As sisters with extremely different personalities (who are pursued, at one point, by the same man), Dorothea and Celia act as foils for each other. While Celia is focused on fulfilling traditional gender roles (by becoming a housewife and mother who leaves politics and intellectualism to the men), Dorothea is deeply interested in challenging what it means to be a woman in her particular society.
In the very first page of the novel, the narrator comments on the differences between the two sisters:
[Dorothea] was usually spoken of as being remarkably clever, but with the addition that her sister Celia had more common-sense.
Celia’s “common-sense” comes through in the way that she marries strategically and doesn’t get caught up in ambitious goals. Dorothea, on the other hand, is cleverer and more interested in affairs outside of the typical woman’s domain—this is apparent in her commitment to designing cottages for her uncle’s tenants, her desire to marry Casaubon so as to support his important scholarship, and her support of Will’s position running a progressive newspaper.
While both sisters end up married and having children with men they love, Celia ends up satisfied and Dorothea does not.

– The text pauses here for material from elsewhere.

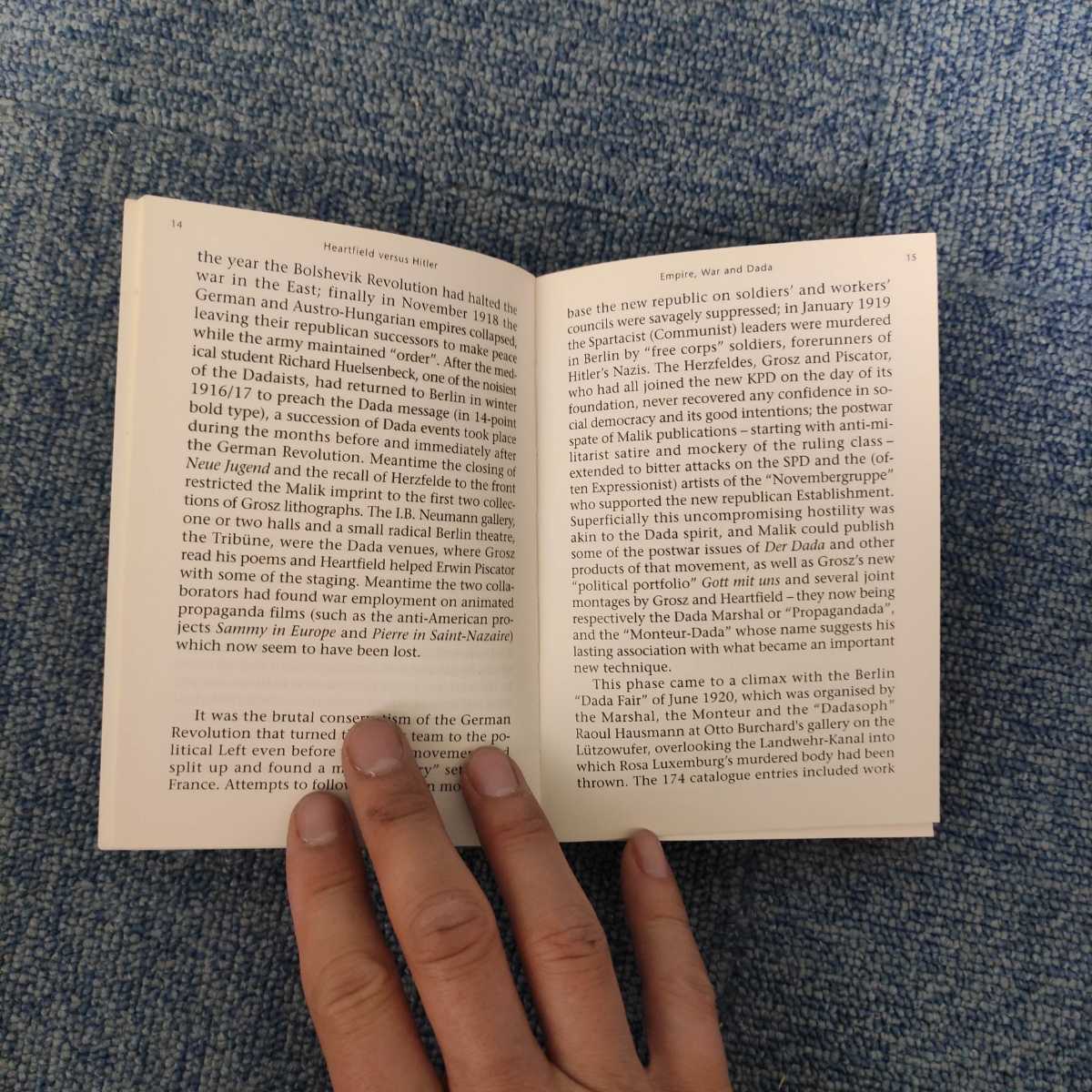 年末セール半額美品洋古書 Heartfield vesus Hitler - John Willett 検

In a way, Middlemarch is Eliot’s somewhat pessimistic portrayal of how women who resist gender norms may end up less happy than those who do not.
As Dorothea’s two love interests, Casaubon and Will act as foils for each other. Will is young, romantic, and idealistic—like Dorothea, he cares about progressive politics and wants to make a difference in the world. Casaubon, on the other hand, is old, stuck in his ways, and focused on his esoteric book—The Key to All Mythologies—that, ultimately, he is unable to finish before his death.

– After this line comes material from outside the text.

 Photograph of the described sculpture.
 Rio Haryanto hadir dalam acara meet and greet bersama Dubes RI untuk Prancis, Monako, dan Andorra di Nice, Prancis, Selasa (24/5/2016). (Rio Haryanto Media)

Like Dorothea, Will is external-facing—he wants to engage deeply with the world—while Casaubon is internal-facing—focusing on his studies and quite literally going to and from the library every day during their honeymoon in Rome. Will reflects on this quality of Casaubon’s after running into Dorothea in Rome, highlighting the differences between the two men:
[T]he idea of this dried-up pedant, this elaborator of small explanations about as important as the surplus stock of false antiquities kept in a vendor's back chamber, having first got this adorable young creature to marry him, and then passing his honeymoon away from her, groping after his mouldy futilities (Will was given to hyperbole)—this sudden picture stirred him with a sort of comic disgust: he was divided between the impulse to laugh aloud and the equally unseasonable impulse to burst into scornful invective.

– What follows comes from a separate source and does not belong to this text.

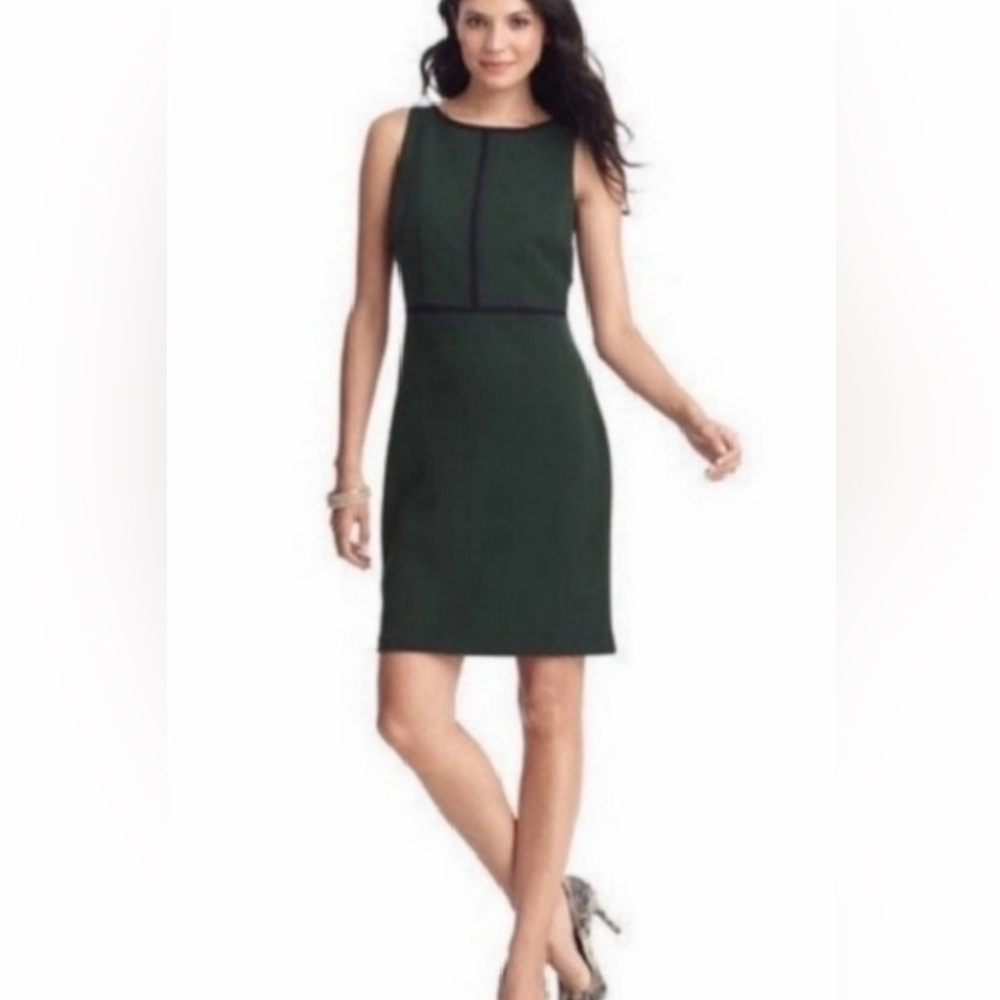 Elegant Black Sleeveless Sheath Midi Dress with Lace Overlay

Will’s description of Casaubon as a “dried-up pedant […] groping after his mouldy futilites” who fills him with disgust highlights all that Will does not want to be. Additionally, Will’s impulse to use hyperbole in his characterization of Casaubon (as the narrator notes) also captures something important about Will’s character as opposed to Casaubon’s—he has a certain intensity and vitality that Casaubon does not.